Allred also noted that turkey poults are very susceptible to weather events, and the South had seen successive wet springs.

The One Shot Hunt attracted many people from around the country to help raise funds for the Wildlife Resource Foundation, which helps remove barriers that could prevent individuals from hunting and fishing.

Kansas, Alabama and Virginia hold similar events.

The Tennessee event was based in Franklin. Hunters and their volunteer guides fanned out across the area to hunt for the biggest-scoring gobbler, based on beard length, spur length and weight. Once a hunter tagged a bird, the guide could tag one as well.

Dignitaries and stars who hunt showed up in droves to chase the Tennessee toms. Director of Wildlife Resources Agency Bobby Wilson, Wyoming Gov. Mark Gordon, former Georgia Gov. Sonny Perdue, NFL star Jay Cutler, Country music singer Bryan White and author Candace Owens among others. Tennessee Gov. Bob Lee could not attend but addressed the 500-plus attendees via video.

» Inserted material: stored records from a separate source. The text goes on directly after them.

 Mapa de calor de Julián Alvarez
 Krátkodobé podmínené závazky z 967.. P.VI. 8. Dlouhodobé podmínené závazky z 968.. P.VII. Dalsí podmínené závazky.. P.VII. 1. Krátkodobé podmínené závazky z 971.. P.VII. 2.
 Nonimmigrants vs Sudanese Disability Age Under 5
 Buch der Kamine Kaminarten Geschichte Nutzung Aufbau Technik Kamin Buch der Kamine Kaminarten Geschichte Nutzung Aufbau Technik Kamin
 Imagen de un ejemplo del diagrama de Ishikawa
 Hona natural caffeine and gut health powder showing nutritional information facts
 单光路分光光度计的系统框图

SCI CEO W. Laird Hamberlin has hunted with guide Rob Freeman in this event for the past six years and the pair has tagged two toms every year but one.

“It was a pleasure to hunt with Rob and spend time with Director Wilson, Gov. Gordon and many other hunters in the great state of Tennessee,” said Hamberlin. “As a resident of the Memphis area, it is especially pleasing to me that Tennessee offers excellent hunting. Turkeys have been restored here through the good work of the state Wildlife Resources Agency and the agency is now managing the species to ensure there is a healthy, self-sustaining population forever.”

While CEO Hamberlin saw many Eastern subspecies turkeys in Tennessee, I hunted Rio Grande subspecies in Texas with Logan Killam, product manager of Trijicon, a national sponsor of SCI. Logan and I both used Trijicon SRO red-dot sights to kill turkeys and also helped David and Craig Archer of Hargrove Hunts manage the ranch’s wild hog population.

With a 12-gauge Franchi Affinity 3 Elite turkey shotgun, I was able to take an estimated three-year-old Rio tom. I had called him to a hen decoy that I set up in a mesquite flat. Anecdotally, from the large number of Rios we saw during this high plains hunt, the turkey population of northwest Texas is strong.

Texas is a big state with a big turkey population. It’s estimated at 500,000 turkeys, split among Easterns, Rios and Merriam’s subspecies, which can be found in a handful of southwestern mountain ranges.

The only changes Texas hunters saw this year was new mandatory reporting for several counties to help game managers keep on top of population trends.

To the west of Texas, a major symbolic change may soon be coming to the Land of Enchantment.

Author John Geiger recently tagged a mature Rio Grande gobbler in the Texas high plains near Lubbock. These turkeys seem much more likely to return a crow, owl or hen call as compared to Eastern turkeys.

Game managers in New Mexico have revealed that the Gould’s subspecies may soon have a population that is robust enough to allow a regular hunting season.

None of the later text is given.